You will not have to worry about the beauty.
The compiler also doesn't have to complain about the do while{0}.
All the more, by adding a bit of modularity, the program might be a little more readable.
In any case, before doing this, it would be nice to check whether your compiler is in an extremely pedantic mode, and you might want to turn that off. That might take the warning away.
ss.
PS: You don't seem to need a return value for the function, but you could have that to get a clue of which function was successful.
I am using this pattern too, for those who wonder, here's an abstract example:
do // while(0) for break
{
state1 = 0;
if (cond1())
{
if (cond2())
break;
state1 = opA();
}
if (cond3() || state1 && state1->cond4())
break;
...
Triumph(state1, ...);
// often here: return
}
Failure(state1, ...);
I consider this valid in the following circumstances:
you have a long-ish sequence (say, >~half a dozen of conditions)
the conditions are complex, and you use / build up significant state, so you can't
isolate the elements into functions
you are in an exception-unfriendly environment, or your break-ing code path is
not actually an exception
What you can do about it:
Silence the warning. It is just a warning, after all; and I don't see a "typical mistake" (like typing 0 instead of your condition) that would be caught by this warning.
[edit] Now, that was silly. the typical mistake that you catch with the warning is e.g. while (a1!=a1) instead of while (a1!=a2).[/edit]
Break into functions, move state to a class
this would transform above code to:
struct Garbler
{
State1 state1;
bool Step1()
{
state1 = 0;
if (cond1())
{
if (cond2())
return false;
state1 = opA();
}
return true;
}
bool Step2()
{
return cond3() || state1 && state1->cond4();
}
..
void Run()
{
if (Step1() && Step2() && ... && Step23())
Triumph(state1, ...);
else
Failure(state1, ...);
}
}
This is arguably less readable, worse is that you pull apart the sequence, which might lead to a very questionable class (where members may be called only in a certain order).
Scopeguards
This may allow to transform the breaks into early returns, which are more acceptable:
state1 = 0;
ScopeGuard gFailure = MakeGuard(&Failure, ByRef(state1), ...);
if (cond1())
{
if (cond2())
return;
state1 = opA();
}
if (cond3() || state1 && state1->cond4())
return;
// everything went ok, we can dismiss the scopeguard
gFailure.Dismiss();
Triumph(state1, ...);
They can be more elegantly written in C++0x, preserve the flow, but the solution isn't that flexible either, e.g. when Failure() cannot be isolated easily into a single function.
Nested nested if-else statements can become quite unreadable, but I think using do {..} while(0); as a replacement would be much worse. It is very unconventional and anybody else reading it would not really associate it with if-else statements.
There are a few things you can do to make nested if-else statements more readable. A few suggestions are:
optimize your logic - sometimes you can do away with a lot of if clauses when you 'refactor' your logic ex. grouping identical items.

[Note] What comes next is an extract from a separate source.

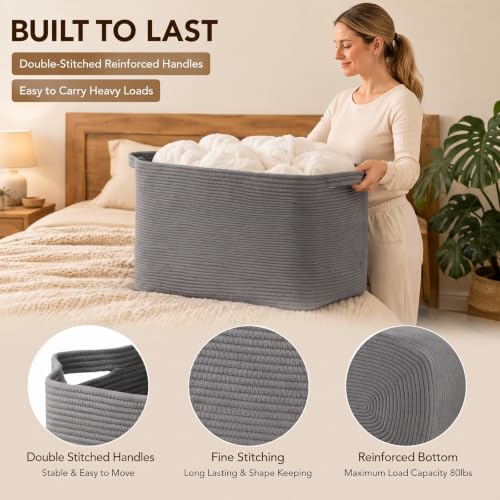 OIASKET 95L Extra Large Blanket Basket, 24" x 16.9" x 14.2" Woven Basket - color: Grey, size: 24"x16.9"x14.2"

use switch() - switch is generally more readable compared to if-else statements. You can associate an enum to each case and you can switch this.
encapsulate complicated logic with functions
You can use goto instead of do {} while(0) and break. This is not readable and not good practice either though. I think for each specific case there is a better way to avoid deep if/else structures. For example, sometimes using function calls can help:
for example instead of:
if(status_of_funcA_ok != funcA())
{ //failure}
else if (status_of_funcB_ok != funcB())
{//failure}
else if (status_of_funcC_ok != funcC())
else
{//Great}
you can write:
if (check_funcs() == 0) {
great();
}
int check_funcs() {
if (status_of_funcA_ok != funcA())
return -1;
if (if(status_of_funcB_ok != funcB()))
return -2;
if (if(status_of_funcC_ok != funcC()))
return -3;
return 0; /* great */
}
Sometimes, you can use exit().
Also, in c++ you can use throw() and try/catch:
try {
/* */
throw (this error);
/* */
throw (that error);
} catch (this error) {
} catch (that error) {
}
If there are more conditions to check avoid using if{} else{},
best practice is to Replace if else conditions with switch case
In a situation where a variable could have two different values, and you do something if its one, something differnent if its the other, would you just do:
if(myVariable == FIRST_POSSIBLE_VALUE) { ... }
else { ... }
or would you do:
if(myVariable == FIRST_POSSIBLE_VALUE) { ... }
else if (myVariable == SECOND_POSSIBLE_VALUE) { ... }
for clarity, in a situation where a reader wouldn't necessarily be able to tell that they do the same thing (but the else if does a "needless" expression)?
So what would you do?
Thanks!
EDIT: There is actually about a lot more different options for something like this: ternary operator, if-else, if-elseif, if-elseif-else, -if-else(with assert), switch. Each one has its place, but its hard to decide..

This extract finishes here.